## Work instruction
Your task is to reproduce the entries below word for word.

## Data for review
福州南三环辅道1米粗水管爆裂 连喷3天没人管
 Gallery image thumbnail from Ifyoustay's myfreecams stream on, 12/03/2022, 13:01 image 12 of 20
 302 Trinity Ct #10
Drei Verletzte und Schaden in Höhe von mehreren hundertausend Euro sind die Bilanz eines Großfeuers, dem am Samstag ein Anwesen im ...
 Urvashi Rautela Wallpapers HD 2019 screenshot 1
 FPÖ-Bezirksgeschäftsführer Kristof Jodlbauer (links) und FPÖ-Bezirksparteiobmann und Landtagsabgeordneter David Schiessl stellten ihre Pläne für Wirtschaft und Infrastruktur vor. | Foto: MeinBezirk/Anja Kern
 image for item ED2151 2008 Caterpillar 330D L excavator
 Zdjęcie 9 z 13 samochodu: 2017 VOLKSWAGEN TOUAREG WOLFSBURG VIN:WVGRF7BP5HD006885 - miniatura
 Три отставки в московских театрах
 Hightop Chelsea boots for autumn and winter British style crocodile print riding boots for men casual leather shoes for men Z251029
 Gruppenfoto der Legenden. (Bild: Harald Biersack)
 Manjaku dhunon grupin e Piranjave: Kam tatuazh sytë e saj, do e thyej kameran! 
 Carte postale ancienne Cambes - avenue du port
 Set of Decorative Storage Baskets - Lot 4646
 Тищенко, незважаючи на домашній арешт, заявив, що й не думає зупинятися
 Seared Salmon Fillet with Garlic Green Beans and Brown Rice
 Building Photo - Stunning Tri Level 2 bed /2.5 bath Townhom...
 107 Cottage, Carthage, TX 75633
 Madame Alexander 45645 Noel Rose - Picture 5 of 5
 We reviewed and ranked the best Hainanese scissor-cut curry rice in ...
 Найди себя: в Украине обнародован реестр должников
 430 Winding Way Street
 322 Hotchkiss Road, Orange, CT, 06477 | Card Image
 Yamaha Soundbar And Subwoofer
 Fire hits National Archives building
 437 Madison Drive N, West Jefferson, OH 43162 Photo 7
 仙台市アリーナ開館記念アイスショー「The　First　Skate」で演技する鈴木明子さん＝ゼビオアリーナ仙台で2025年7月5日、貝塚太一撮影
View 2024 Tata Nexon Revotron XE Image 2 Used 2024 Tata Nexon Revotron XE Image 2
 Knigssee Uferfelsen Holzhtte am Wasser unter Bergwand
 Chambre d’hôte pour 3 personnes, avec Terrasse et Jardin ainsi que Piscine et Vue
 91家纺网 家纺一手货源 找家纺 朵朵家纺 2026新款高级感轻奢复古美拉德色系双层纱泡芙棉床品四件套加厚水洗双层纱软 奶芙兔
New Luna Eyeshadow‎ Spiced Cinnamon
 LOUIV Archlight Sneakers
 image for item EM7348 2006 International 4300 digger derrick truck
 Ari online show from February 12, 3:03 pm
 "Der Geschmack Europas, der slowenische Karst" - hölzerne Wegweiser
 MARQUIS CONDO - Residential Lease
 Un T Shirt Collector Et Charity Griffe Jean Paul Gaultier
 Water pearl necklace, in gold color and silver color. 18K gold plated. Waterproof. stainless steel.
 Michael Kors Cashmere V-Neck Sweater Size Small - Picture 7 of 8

## Response
福州南三环辅道1米粗水管爆裂 连喷3天没人管
 Gallery image thumbnail from Ifyoustay's myfreecams stream on, 12/03/2022, 13:01 image 12 of 20
 302 Trinity Ct #10
Drei Verletzte und Schaden in Höhe von mehreren hundertausend Euro sind die Bilanz eines Großfeuers, dem am Samstag ein Anwesen im ...
 Urvashi Rautela Wallpapers HD 2019 screenshot 1
 FPÖ-Bezirksgeschäftsführer Kristof Jodlbauer (links) und FPÖ-Bezirksparteiobmann und Landtagsabgeordneter David Schiessl stellten ihre Pläne für Wirtschaft und Infrastruktur vor. | Foto: MeinBezirk/Anja Kern
 image for item ED2151 2008 Caterpillar 330D L excavator
 Zdjęcie 9 z 13 samochodu: 2017 VOLKSWAGEN TOUAREG WOLFSBURG VIN:WVGRF7BP5HD006885 - miniatura
 Три отставки в московских театрах
 Hightop Chelsea boots for autumn and winter British style crocodile print riding boots for men casual leather shoes for men Z251029
 Gruppenfoto der Legenden. (Bild: Harald Biersack)
 Manjaku dhunon grupin e Piranjave: Kam tatuazh sytë e saj, do e thyej kameran! 
 Carte postale ancienne Cambes - avenue du port
 Set of Decorative Storage Baskets - Lot 4646
 Тищенко, незважаючи на домашній арешт, заявив, що й не думає зупинятися
 Seared Salmon Fillet with Garlic Green Beans and Brown Rice
 Building Photo - Stunning Tri Level 2 bed /2.5 bath Townhom...
 107 Cottage, Carthage, TX 75633
 Madame Alexander 45645 Noel Rose - Picture 5 of 5
 We reviewed and ranked the best Hainanese scissor-cut curry rice in ...
 Найди себя: в Украине обнародован реестр должников
 430 Winding Way Street
 322 Hotchkiss Road, Orange, CT, 06477 | Card Image
 Yamaha Soundbar And Subwoofer
 Fire hits National Archives building
 437 Madison Drive N, West Jefferson, OH 43162 Photo 7
 仙台市アリーナ開館記念アイスショー「The　First　Skate」で演技する鈴木明子さん＝ゼビオアリーナ仙台で2025年7月5日、貝塚太一撮影
View 2024 Tata Nexon Revotron XE Image 2 Used 2024 Tata Nexon Revotron XE Image 2
 Knigssee Uferfelsen Holzhtte am Wasser unter Bergwand
 Chambre d’hôte pour 3 personnes, avec Terrasse et Jardin ainsi que Piscine et Vue
 91家纺网 家纺一手货源 找家纺 朵朵家纺 2026新款高级感轻奢复古美拉德色系双层纱泡芙棉床品四件套加厚水洗双层纱软 奶芙兔
New Luna Eyeshadow‎ Spiced Cinnamon
 LOUIV Archlight Sneakers
 image for item EM7348 2006 International 4300 digger derrick truck
 Ari online show from February 12, 3:03 pm
 "Der Geschmack Europas, der slowenische Karst" - hölzerne Wegweiser
 MARQUIS CONDO - Residential Lease
 Un T Shirt Collector Et Charity Griffe Jean Paul Gaultier
 Water pearl necklace, in gold color and silver color. 18K gold plated. Waterproof. stainless steel.
 Michael Kors Cashmere V-Neck Sweater Size Small - Picture 7 of 8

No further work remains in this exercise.